“I'll have a game with her; I'll take her by surprise.”
His eyes began to dance with mischief, like a child's, and he crept along the path with big cat strides, half doubled up, and holding his breath, lest he should laugh aloud.
“The sweet creatures! A man shouldn't frighten them, though,” he thought.
When he reached the porch he went down on all fours, and began mewing like a mournful tom-cat near to the bottom of the door. Then he listened with his ear to the jamb. He expected a faint cry of alarm, the raucous voice of Nancy Joe, and the clatter of feet towards the porch. There was not a sound.
“She's upstairs,” he thought, and stepped back to look up at the front of the house. There was no light in the rooms above.
“I know what it is. Nancy is not home yet, and Kirry's fallen asleep at the rocking.”
He stole up to the window and tried to look into the hall, but the blind was down, and he could not see much through the narrow openings at the sides of it.
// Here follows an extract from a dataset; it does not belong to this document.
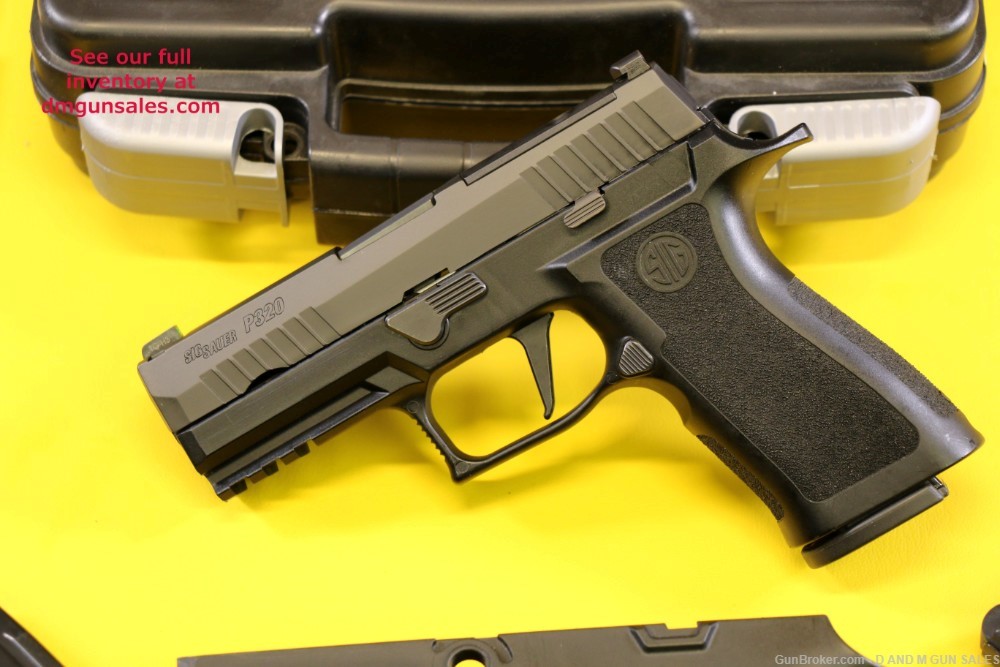 SIG SAUER P320 PRO CARRY 9MM WITH EXTRA FRAME AND 4 MAGS-img-4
“She's sleeping, that's it. The house was quiet and she dropped off, rocking the lil one, that's all.”
He scraped a handful of the light gravel and flung a little of it at the window. “That'll remind her of something,” he thought, and he laughed under his breath.
Then he listened again with his ear at the sill. There was no noise within. He flung more gravel and waited, thinking he might catch her breathing, but he could hear nothing.